# 65 Gallon Planted, Lots Of Pics.



## flamingo (Nov 5, 2005)

So yes, after all this time of wanting to do a planted tank.. I finally got around to it. Pics are at various stages... tank was already filled, just moved the fish and took everything out.

First I started by removing everything, and putting a 20 pound bag of cheap gravel at petsmart as the bottom layer (sloped towards the front):










Then, ugh, after washing for quite a while, I added the flourite (one bag):



























Then I ended up siphoning out about 50 gallon of water :/










Still turned out cloudy.










Let it sit for a while, then I planted it:





























All I need now is vallisneria for the backs, and the chance to do something with the smallmouth bass in it :0. I hope you like it. Pretty bored so i thought i'd update and share. I'd also like to thank Kristin (Justonemore20) for a large amount of the plants that are now in this tank .


----------



## Guest (Apr 9, 2007)

Your tank looks great Dylan! I love it!


----------



## Guest (Apr 9, 2007)

Awesome job, Dylan! Looks really nice.

Id take the bass if I had an extra tank. You know how much I love those kinds of fish. :razz:


----------



## Ringo (Apr 10, 2006)

Looks great Dylan


----------



## Guest (Apr 10, 2007)

cool!!my 55g will look like that soon


----------



## Chaos553 (Apr 2, 2007)

sweet setup, wish mine looked as good as that =P


----------



## Damon (Jan 18, 2005)

Nice start. 

Just a few things you will want to keep in mind................... (I wouldn't be me if I didn't mention them)

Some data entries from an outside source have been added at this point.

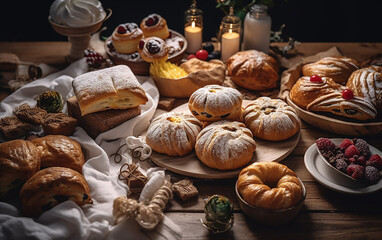 Obraz na płótnie Canvas A lavish spread of holiday desserts, from cream-filled puffs to berry-topped tarts, is lit softly by the ambient glow of a nearby candle.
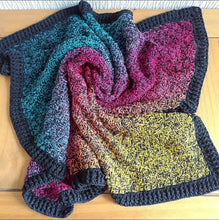 Load image into Gallery viewer, Rainbow and black crochet baby/lap blanket
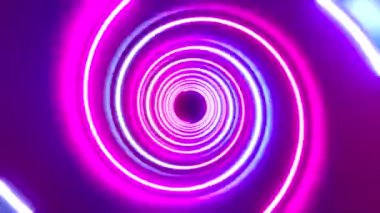 Sarmal şekilli soyut neon tünel - 3D 4k animasyon (3840x2160px)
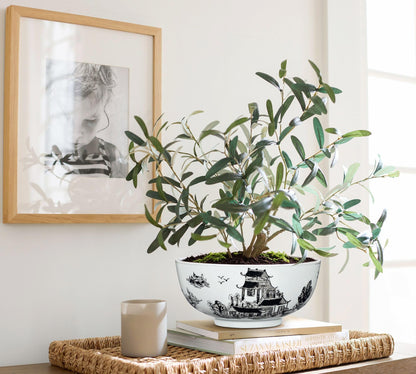 Blue and White Chinoiserie Bowl Planter, 9 Inch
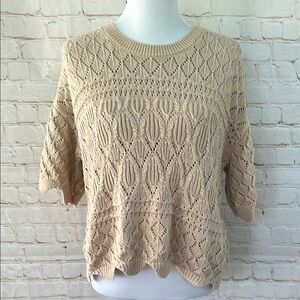 Splendid Beige Knit Short Sleeve Sweater size Large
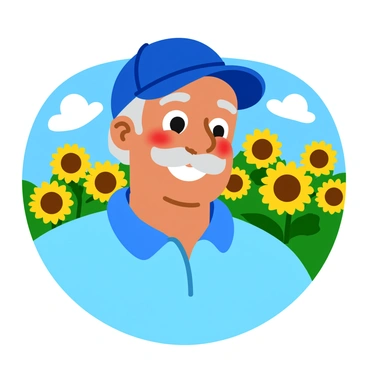 A middle-aged man with a mustache is smiling brightly. He is wearing a blue baseball cap and a light blue polo shirt. Behind him, there are vibrant yellow sunflowers reaching towards a clear blue sky. The sunflowers are tall and lush, creating a cheerful atmosphere. The sunlight casts soft shadows, enhancing the bright colors of the scene.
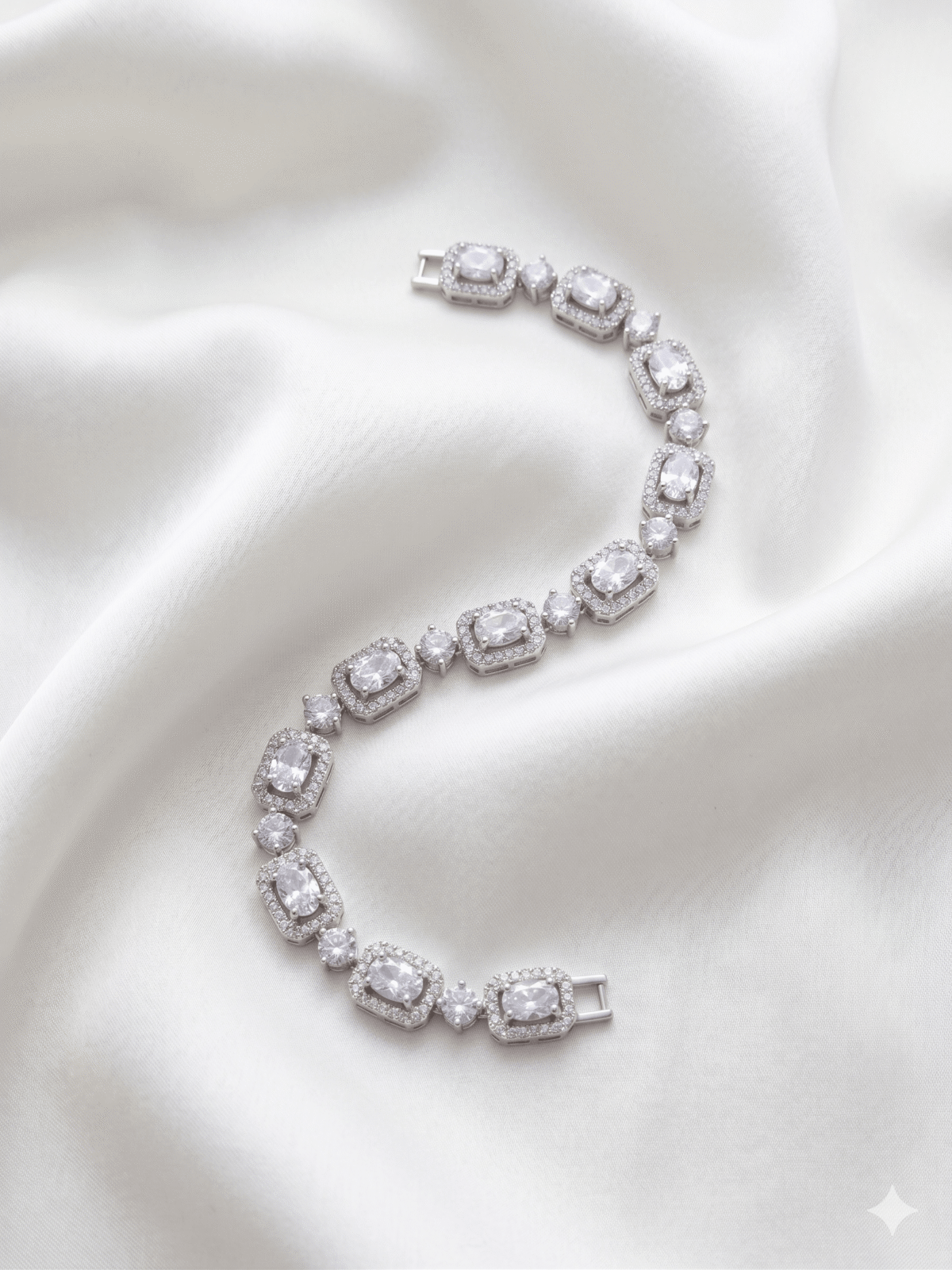 Bracelet - Silver Oval Crystal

Your left side will decay. You are teasing them with the light on the right. Even if some grow, they will grow sideways, not upwards.

Your gravel will eventually mix with the flourite. Fact of life 

Need more foreground plants 

Great start though. Keep it up.


----------



## flamingo (Nov 5, 2005)

Hehe thanks everyone!

No problem Damon, taking all the help I can get hehe. I know the gravel with eventually mix, but I just tried that for now. I'll probably end up buying more flourite later on. I just ran out of money then and didn't think I needed that much for the amount of plants I had. I should be getting in a new light soon. I have that light on there, and a smaller one on the other side ATM. The only thing that's having problems is the lily- but those always do when they get moved like that. Only thing on that side are two amazon swords (which have been moved) and a large thing of java moss. I hope to upgrade this as I go along. When the bass is out. (if I get my 210) i'm thinking of using this as a grow out system for small dats and gars.. otherwise i'm thinking of a small oddball community. I don't really know. The bass is amazing in this set-up, but it has a tendency to crash through this when I throw in feeders.


----------



## Plyr58 (Mar 7, 2007)

FYI. You don't have to wash the Flourite. IT is gonna lud the water if you wash it for a week, and all you are doing is washing out nutrients. Didn't hurt anything, but thought it might help in the future.


----------



## flamingo (Nov 5, 2005)

Yes, I know . I only washed it, because, otherwise my tank would _never_ get clear. I've heard people using all of the crud that came with it, but i'm not going to try that with a first real "planted tank setup". I took a large portion of the silt that came with it, and let it settle on the bottom of one of my ten gallons (which had plants in it) but that's about it.


----------



## Damon (Jan 18, 2005)

FLourite (as well as every other substrate except eco complete) is calcinied clay. The dust is the substrate rubbing together and wearing down (like a big dirt clump). If you can find Turface or Soilmaster in your area use that. Same stuff and cheaper ($12.00 for 50lbs)


----------



## Guest (Apr 10, 2007)

Looking good, Dylan . Nice job!


----------